1. Is it possible for an elliptic curve $E/K$ to be modular when $K$ is some field $\not =$ $\mathbb{Q}$ but is instead some field extension of $\mathbb{Q}$? If yes, then what are the conditions for which this would hold?

2. Is it possible for some elliptic curve $E/\mathbb{Q}[i]$ to be modular while the corresponding curve $E/\mathbb{Q}$ would not be modular? If yes, then what are the conditions for which this would hold?
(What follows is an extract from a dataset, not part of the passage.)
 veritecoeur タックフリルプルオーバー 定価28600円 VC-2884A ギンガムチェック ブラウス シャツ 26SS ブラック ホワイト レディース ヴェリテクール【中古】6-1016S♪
3. If the answer to the first question in (2) is yes, then I would like to know how does one define such a modular elliptic curve $E/\mathbb{Q}[i]$ as being reduced modulo a prime? Is it possible for $E/\mathbb{Q}[i]$ to have good reduction or multiplicative reduction modulo a prime? Or does one have to use p-adic integers in some way, when dealing with field extensions of $\mathbb{Z}[i]$?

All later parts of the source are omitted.